**Exercise:**
Return nothing but the lines from the one with "Inverse Head and Shoulder" through the one with "SC(B)10型-參數(shù).jpg SC(B)10" in the data below, word for word and without pictures.

**Material supplied:**
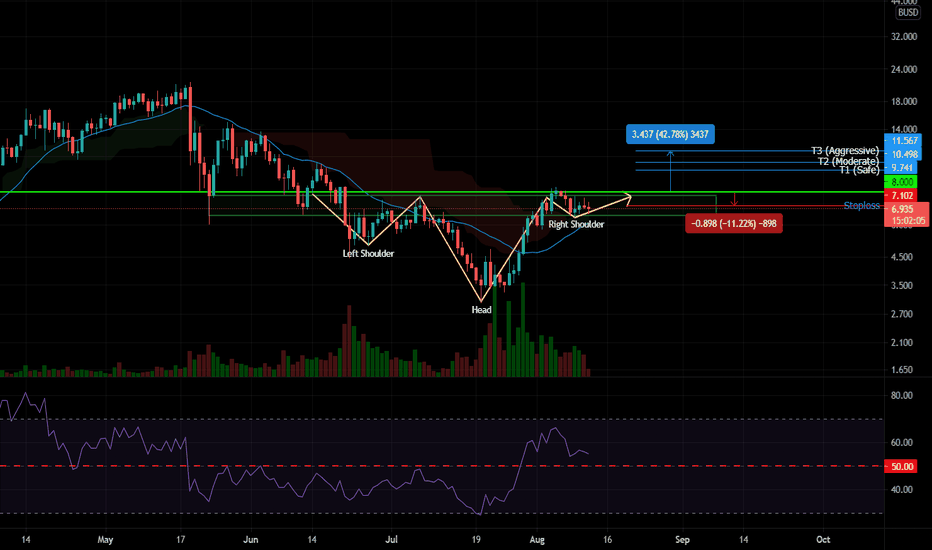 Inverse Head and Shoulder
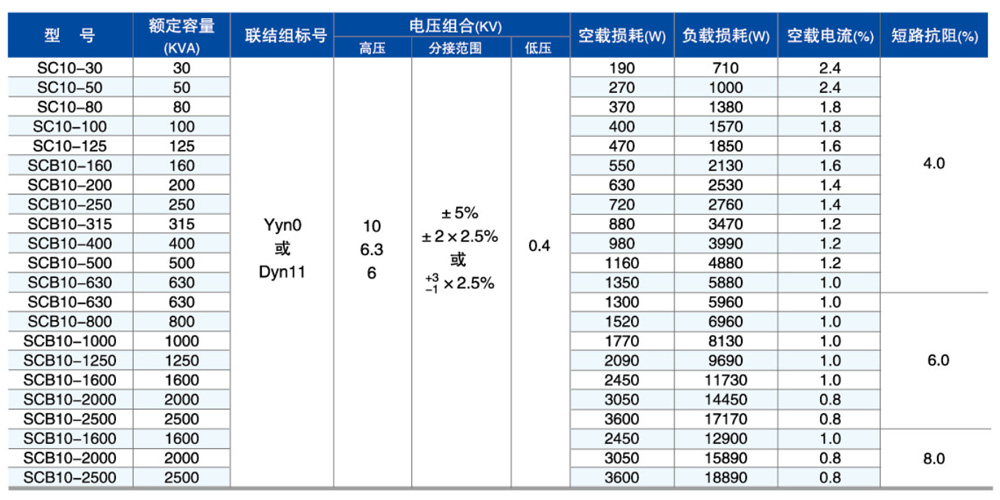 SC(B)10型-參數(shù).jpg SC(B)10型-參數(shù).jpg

--

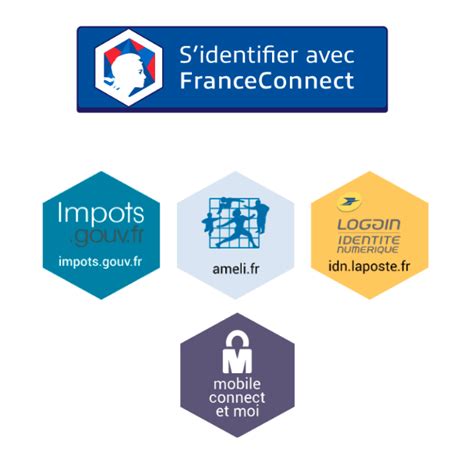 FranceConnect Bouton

**Answer to the problem:**
 Inverse Head and Shoulder
 SC(B)10型-參數(shù).jpg SC(B)10型-參數(shù).jpg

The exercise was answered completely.